I dreamed of being a writer. I was encouraged by two of my high school teachers to continue along that vein. I won some awards and was published in a magazine. You are reading me here now. That part of my life always seems to carry over from one chapter to the next.
Out of the things I listed above, my passion for life lies here, at home, with my people. Our former Pastor Chris got the biggest kick out of that, me walking through the church asking, “Has anyone seen my people?”
I once asked Bob, “Why did you want to get married?” I honestly thought sex would be part of his answer, at least in jest. Let’s be honest though, if he wasn’t willing to wait for me, he could have had sex anyway with someone else. He surprised me when he answered me in all seriousness, “I got married because I wanted a family.”
And that, dear readers, is where my heart resides: with family. At my core, since I was a child, I wanted to be married and have children. It is my desire to see married couples strengthened and parents once again treating children like the gifts from God that they are and encouraging them in the biblical training of their offspring.
I guess why this transition from young children to adult children is so hard, is because I was looking at this particular time in my life as being over. I’ve been looking through the wrong lens. I haven’t been seeing it as the experience necessary to pass on to other young families.
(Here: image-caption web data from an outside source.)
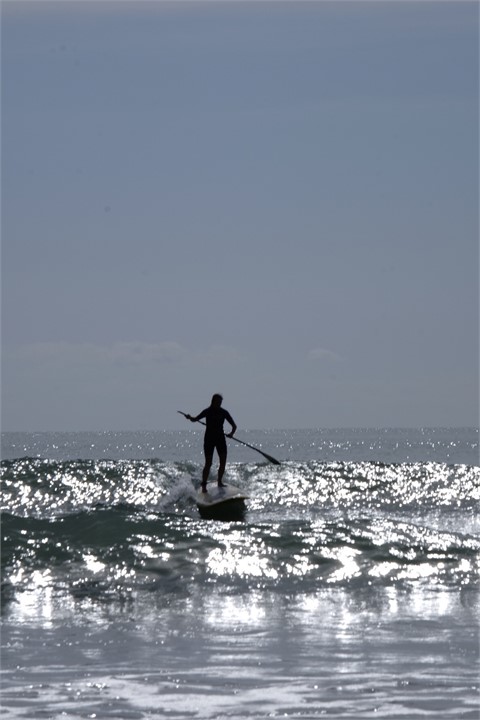 Catching the wave living the dream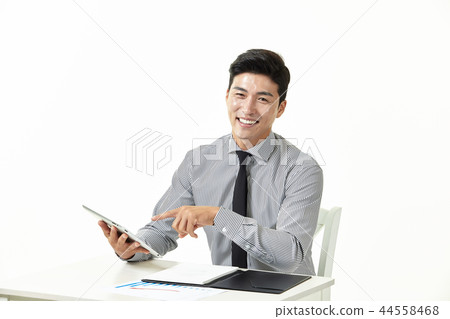 韓國，男人，商務，西裝 44558468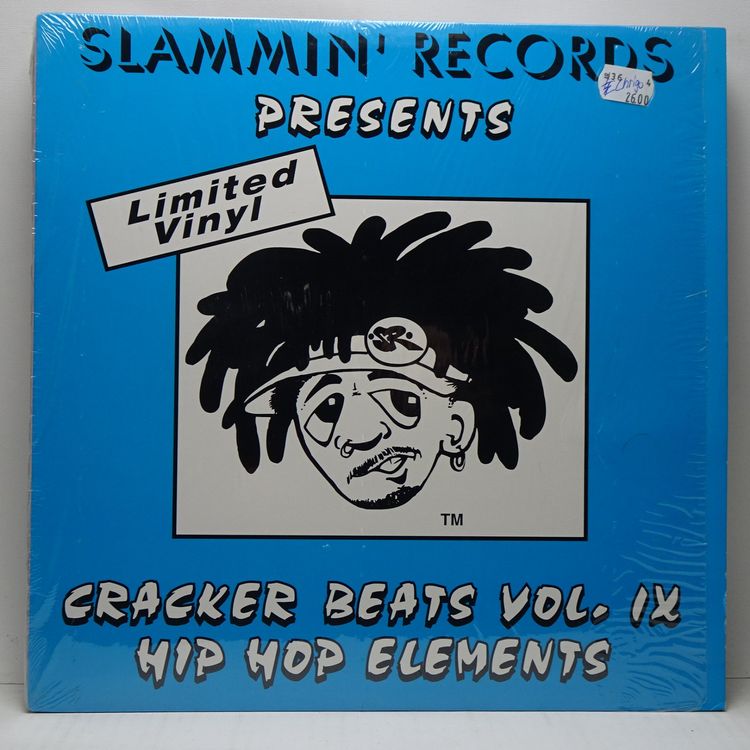 Clammin’ Records Presents Cracker Beats Vol. 9 [LP] (Gebraucht) in ...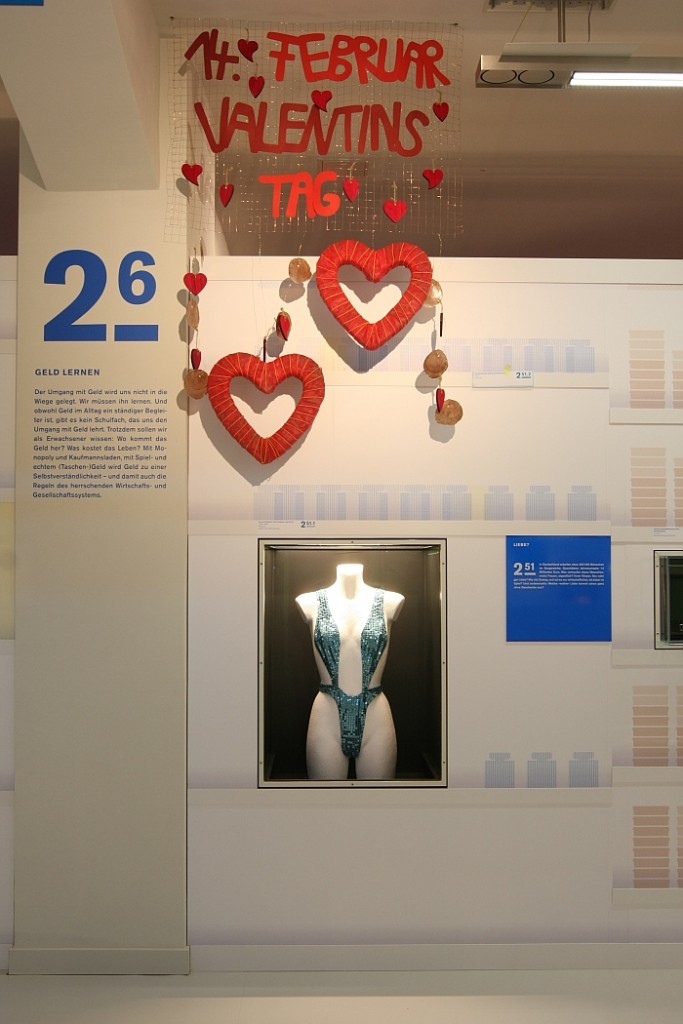 Buying love, privately or commercialy...... as seen at Geld, smac – State Museum for Archaeology in Chemnitz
And how about this? I can couple child rearing to marriage — 20+ years of it. Marriage is difficult at times. Some day I may share how we walked through a marriage riddled with landmines from an abusive past and capitalized on by a job that taxes the mental and emotional parts of a person to the point of destructive habits and divorce for many, and sometimes breakdown for others. The commitments we make may seem impossible to keep at times, but with God all things are possible.
You know, Bob’s reason for getting married is God’s reason for creating you and me. God wanted a family, someone He could talk to and dream with and work with and bless beyond all wildest imaginings. Yes, that’s you and that’s me. We’re God’s dream come true. Let’s start acting like it by joining together as we talk with God and explore the purpose, His dream, for our being here. And just maybe, during our journey of discovery, which might include the dreams of our youth, we may be healed.